Estas recomendações baseiam-se nas considerações que se seguem, todas assumindo em paralelo o imperativo constitucional da garantia de condições de igualdade no acesso ao ensino, nesta ocasião ao ensino superior, bem como o dever que para o Estado resulta da correta aplicação dos recursos de que dispõe, assegurando que os mesmos acorrem às instâncias mais carenciadas, tudo de acordo com “as suas capacidades” (artigo 74.º, n.º 2, d), da Constituição).
Desde a publicação do Regulamento de Atribuição de Bolsas de Estudo a Estudantes do Ensino Superior, aprovado pelo Despacho n.º 12780-B/2011, de 23 de setembro, têm sido expostas ao Provedor de Justiça diversas situações atinentes ao seu teor e aplicação.
Superadas por via hermenêutica adequada algumas das questões em apreço e outras por meio das modificações introduzidas pelo novo Regulamento, ora em vigor, aprovado pelo Despacho n.º 8442-A/2012, de 22 de junho, permanecem contudo por superar alguns objetos de dissídio a propósito da bondade de algumas soluções adotadas, amiúde incidindo no âmago basilar do direito à educação e correspondendo a uma decisão crítica sobre o percurso de vida de quem, à partida, demonstra o mérito absoluto e relativo necessário à aquisição da formação a que se propôs.
1) Regras respeitantes ao cálculo do rendimento relevante
A este propósito, ocorre notar três aspetos que merecem melhor ponderação e modificação da situação vigente. São eles o tratamento dado aos rendimentos da categoria A face, designadamente, aos da categoria B, o âmbito das prestações sociais englobadas e o modo como releva o património mobiliário detido por membros do agregado familiar, a se e por comparação com a solução dada quanto ao património imobiliário.
Assim, quanto à primeira questão e contrapondo o teor dos artigos 35.º e 36.º do Regulamento, verifica-se que os rendimentos empresariais e profissionais beneficiam do desconto da chamada dedução específica, ao ser contabilizado apenas o resultado ditado pela aplicação do regime simplificado ao rendimento bruto da categoria[1] ou o que decorra da documentação contabilística, nos demais casos.

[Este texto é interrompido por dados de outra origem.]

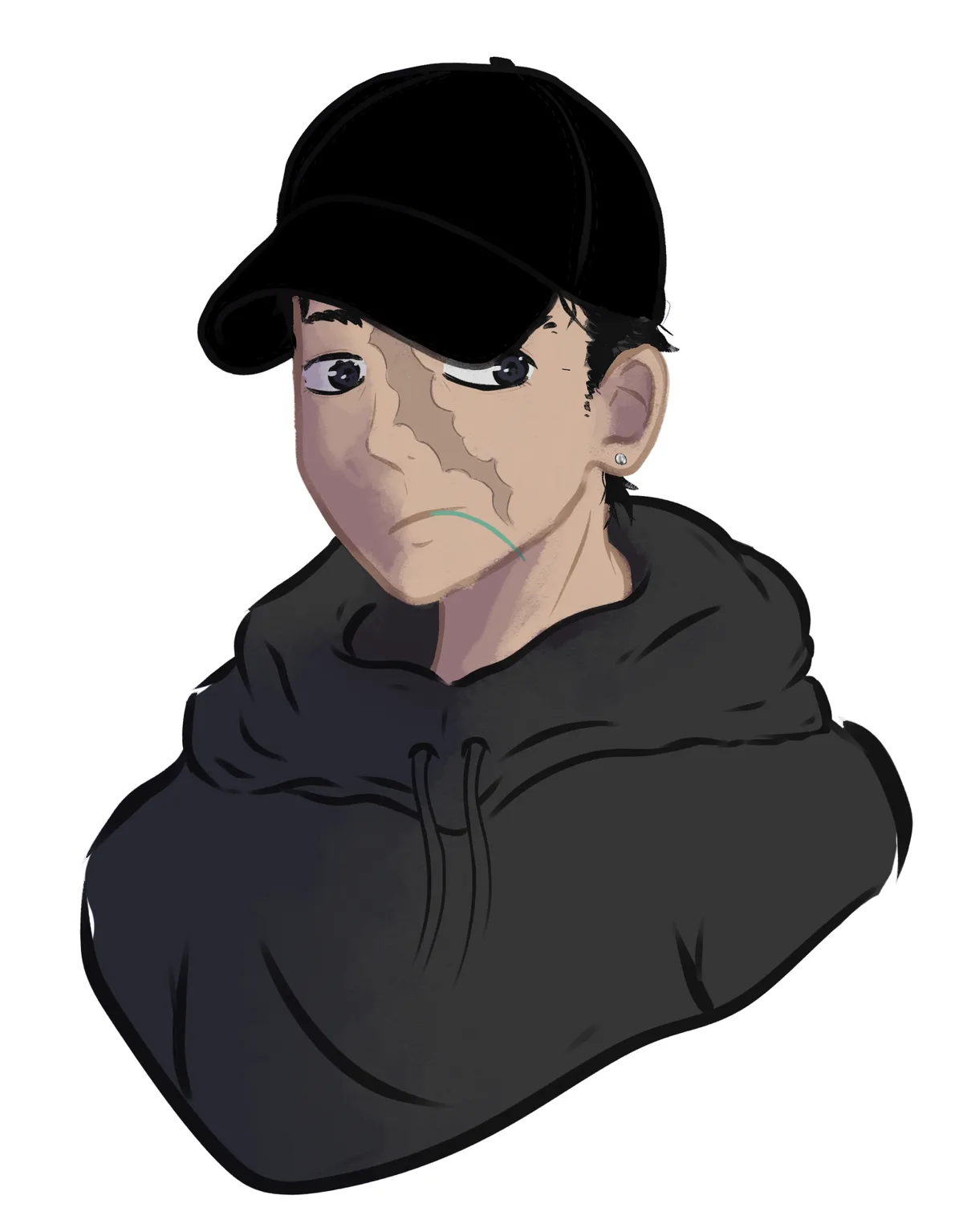 An anime-style illustration of a young man wearing a black baseball cap and a black hoodie, looking sideways with a tired…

Pelo contrário, o artigo 35.º do Regulamento manda atender ao rendimento anual ilíquido da categoria, o que engloba o valor que, por via do artigo 25.º, n.º 1, a), com a ressalva do n.º 2, do Código de IRS, manda a lei que se deduza do valor tributável, em igualdade de circunstâncias com a dedução estabelecida, em termos presumidos, no regime simplificado ou a que decorre da aplicação das regras fiscais para os casos de contabilidade organizada.
Em termos hábeis, isso significa que o custo da própria atividade profissional é adequadamente levado em conta no caso de rendimentos da categoria B, mas já não no caso dos da categoria A, posto que da forma há muito parametrizada na legislação tributária.
Não se criticando, em si mesma, a opção pela consideração do rendimento ilíquido ou do que já é líquido da dedução específica de cada categoria,[2] a única observação que devo formular é no sentido da adoção de uma solução uniforme em relação a todas as categorias de rendimentos.
Para tratamento em condições de igualdade de todos os agregados familiares e sem prejuízo da crítica que possam autonomamente merecer as soluções contidas na nossa lei tributária, um mínimo que parece imperativo, em termos de congruência do sistema, apontará para a replicação, no âmbito das bolsas de estudo, do tratamento dado a nível fiscal, para efeitos da determinação do quantum com que aquela pessoa ou família deve acorrer às despesas da comunidade.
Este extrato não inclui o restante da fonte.